A: Their salaries were $10 to $13 an hour. Some of them refused to believe they weren’t going to find work immediately at that wage. We were making them aware of the difficulty, but again they wouldn’t accept it: “Oh, no, something’s going to happen.” But a lot of them were willing to accept $9 an hour, take a $3-an-hour pay cut, and those are the ones who are working now. Even though they took a pay cut, we put them in jobs where they can be making up to that (old) salary within a couple of years, work their way back up to it. Those persons who are still looking for their old salary are probably still unemployed.
Q: It must have been difficult for them to make a decision.
A: You can’t go from one meat-packing plant to another--there aren’t many left in Los Angeles. I think a lot of people took the opportunity to retrain. That’s where many of them are right now. We offered counseling to a lot of persons who were unsure what they wanted to do. And testing. Some needed English classes to begin with. Some took training for other careers--drug and alcohol counselor and computer technician are two examples. We tried to limit the use of private job-training schools; we couldn’t see these people being able to repay the loans with just unemployment insurance payments.
Q: White-collar workers have been advised for years that the old notion of job security--the idea you could work for one company the rest of your life--has disappeared. Manufacturing workers don’t tend to get that sort of counseling until it’s too late.
A: I think that’s changing, simply because of all of the layoffs that are occurring. The fact is, if you have a relative, someone near you, and you know that after 20 years they lost their job, then you become fearful of your job. There may be some doubt in your mind, even though you’ve been in your job a long time. It’s more of a reality now.
Q: Give me a portrait of the average Oscar Mayer production worker.
A: An average person had been there 20 years, probably lacking a high school diploma, probably 10th-, 11th-grade education. They ran all kinds of machinery, from sausage making to packing machines--that was the extent of their production experience.
Q: But many of them owned homes, they’d been able to develop middle-class lives despite those minimal skills.
A: That’s very true. They worried about losing that, but they also spoke of their mortgage payment being very low as compared to some payments now that run up in the thousands. Some even told me what they paid. It was in the $200 range. They bought a long time ago. They live in less expensive areas. That was part of the denial, too: “Well, I can make it on my unemployment if I have to.”
Q: For many of the workers, it had been a long time since they’d looked for a job. Was that a problem?
A: They forget what to do. And we can tell just by our EDD application, which is probably much simpler than the one they would encounter with a company. They even have a difficult time completing ours. The assistance we give them is very valuable.
Q: Are we talking about literacy problems or just time?

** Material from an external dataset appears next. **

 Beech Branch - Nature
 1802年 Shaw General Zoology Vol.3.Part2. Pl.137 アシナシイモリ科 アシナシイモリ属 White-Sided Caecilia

A: It may be both. There were some in that company who couldn’t read or write, but I think it’s mostly being out of practice: “Gosh, I forgot what this was all about.” “What do I say, what don’t I say?” Having them complete applications, interviews was helpful. They weren’t going into meat packing. We had to teach them to sell their skills to a whole different industry, whatever may be out there.
Q: That must be a scary process.
A: Yes, for them it is.
Q: What sort of goals do you have on a project like this? What makes it satisfying?
A: Helping someone. They have to think, they have to plan. The satisfaction is just knowing that I’ve gotten to one or two individuals in the whole group, that I’ve made them at least think about what they’re going to do.